BRIEF = With the pictures left out, retype exactly the lines below starting at the line that contains "Immunohistochemical analysis of" and ending at the line that contains "Topuk dikeni (plantar fasitis)".

== DATA FOR THIS TASK ==

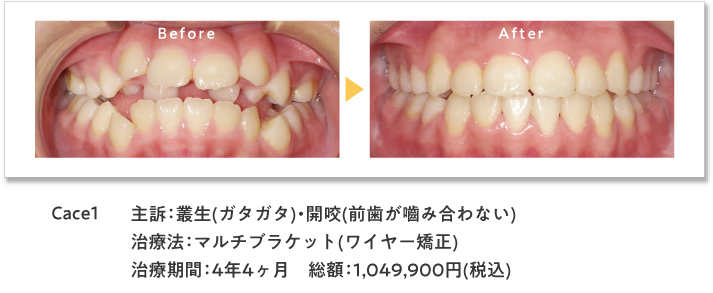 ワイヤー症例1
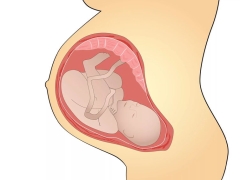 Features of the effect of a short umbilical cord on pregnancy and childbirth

===
== DATA FOR THIS TASK ==

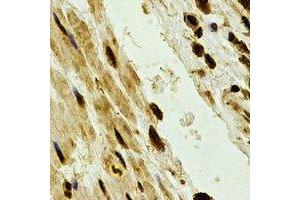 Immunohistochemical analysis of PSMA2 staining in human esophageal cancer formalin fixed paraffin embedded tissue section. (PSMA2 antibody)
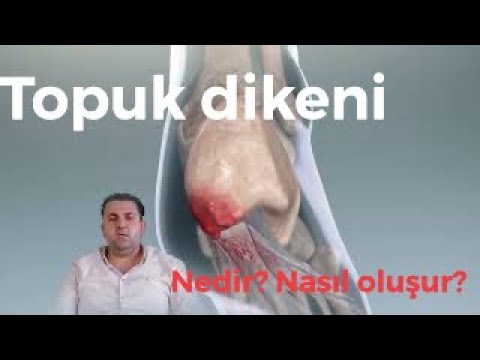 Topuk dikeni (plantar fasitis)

===

RESULT BELOW =
 Immunohistochemical analysis of PSMA2 staining in human esophageal cancer formalin fixed paraffin embedded tissue section. (PSMA2 antibody)
 Topuk dikeni (plantar fasitis)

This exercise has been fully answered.